# What the task asks
Look below for the line that contains "WHITE 2021 VOLKSWAGEN" and the line that contains "山形県酒田市東両羽町7-10周辺の地図", then restate both of them and every line in between, exactly. No picture goes in the copy.

# Data extracts

--- START ---

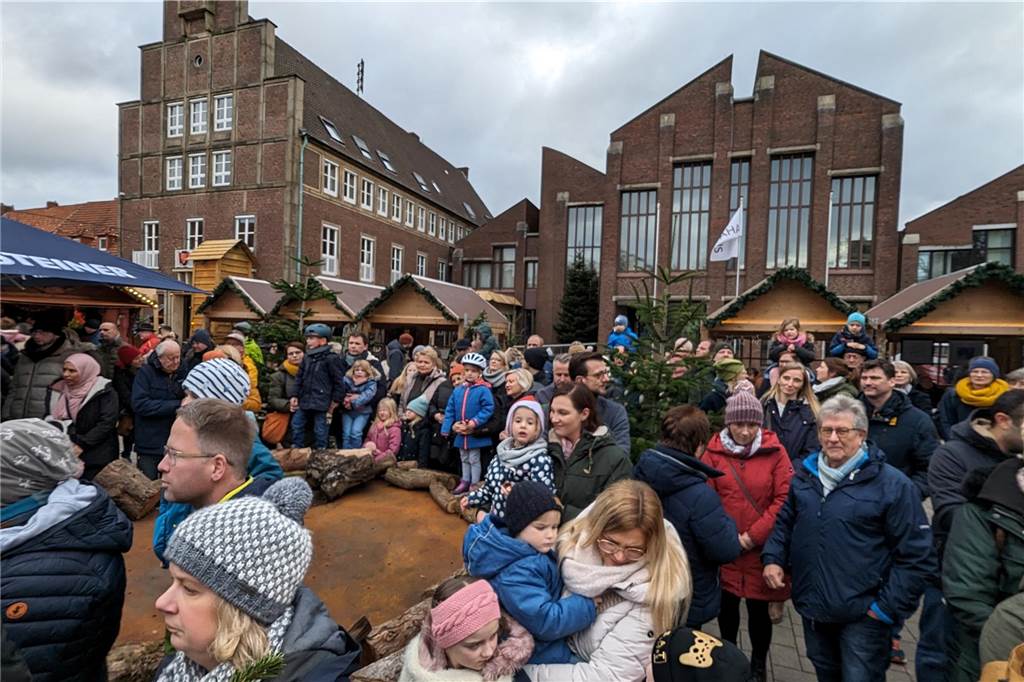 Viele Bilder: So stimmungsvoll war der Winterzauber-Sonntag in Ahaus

--- END ---
--- START ---

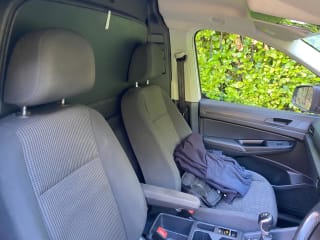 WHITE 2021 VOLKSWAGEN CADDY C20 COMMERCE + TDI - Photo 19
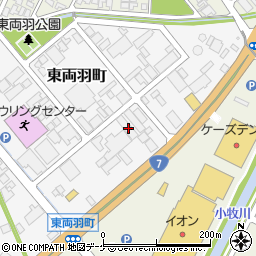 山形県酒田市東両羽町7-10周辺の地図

--- END ---

# Response box
 WHITE 2021 VOLKSWAGEN CADDY C20 COMMERCE + TDI - Photo 19
 山形県酒田市東両羽町7-10周辺の地図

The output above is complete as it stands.